Your final electronic portfolio must have the following requirements:

  1. Each of the requirements listed in “Initial Requirements.”
  2. Entries for each of your projects in this course. Each entry should have the following:
    1. a title
    2. a link to your artifact
    3. a brief description of the artifact including the context for which this artifact was created
    4. a brief description of how this artifact reflects or relates to TPACK
    5. a description of “What does this artifact demonstrate about what I have learned?” (If you used a specific tool, such as a blog, wiki, Weebly, Edublog, PBWorks, etc., then be sure to include that and a description about the tool, why you chose it, how it turned out, what you learned using it.)
    6. a description about “What direction do I want to take in the future?” relating this to what you’ve learned from creating this artifact? and “What more do I need to learn related to this artifact?”.
    7. I recommend placing these as subpages to your Matrix page.
  3. Graphics, images, or screen captures where appropriate.
  4. Reference citations (in APA 5th or 6th style) and acknowledgements where appropriate, such as in reflections and project descriptions.
  5. A reference list in APA 5th or 6th style. References should be impeccably formatted.

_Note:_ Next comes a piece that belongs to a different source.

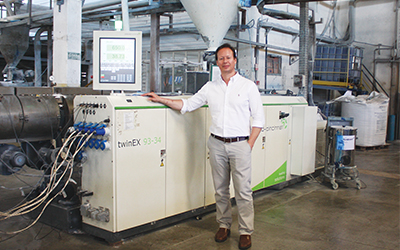 Duro負責人，Leonardo-Brito-Ferreira先生在生產車間與twinEX擠出機合影。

Using Google Sites for the Electronic Portfolio


Image representing Google Sites as depicted in...

Image via CrunchBase

We will be using Google Sites to create your electronic portfolio. Google Sites is very easy to learn. You will probably still have to use the help/support section in order to accomplish your tasks. An important part of our course is experimenting with different tools and determining their utility, as well as learning about resources that are available to us when we begin to use a new tool.


You will need a Google account to create your portfolio. If you use gMail or you already have an iGoogle Account or Google Docs account, then you’re set. If not, then you’ll need to create a Google account. You can create a new Google Account at this link.

To help you get going with creating your electronic portfolio in Google Sites , here are a few videos that will help:

  1. How to set up your Google Sites Portfolio (Googlios)
  2. How to Set up your Googlio – Part 2
  3. How to Set up your Googlio – Part 3

In video #1 above, Alex Ambrose walks you through creating your Google Site portfolio. Here are a few tips to help you get started with this process:

  1. Create/sign in to your Google account.
  2. Ignore the part about signing in through your school. You can just sign in with your Google Account.
  3. Choose the “Blank template” as the template to use. (There is a classroom template, but do not choose this one.)
  4. Choose an appropriate professional name for your site.
  5. When putting in the web addres (URL), be sure to choose an appropriate address.
  6. Choose a fun theme you like. You can change this later, too.
  7. Under the “More options” arrow, be sure to complete the “Site description” information.
  8. Under the “More options” arrow, choose “Everyone in the world” as the “Share with” setting. This is so Dr. Grant and your classmates can see all of your cool stuff.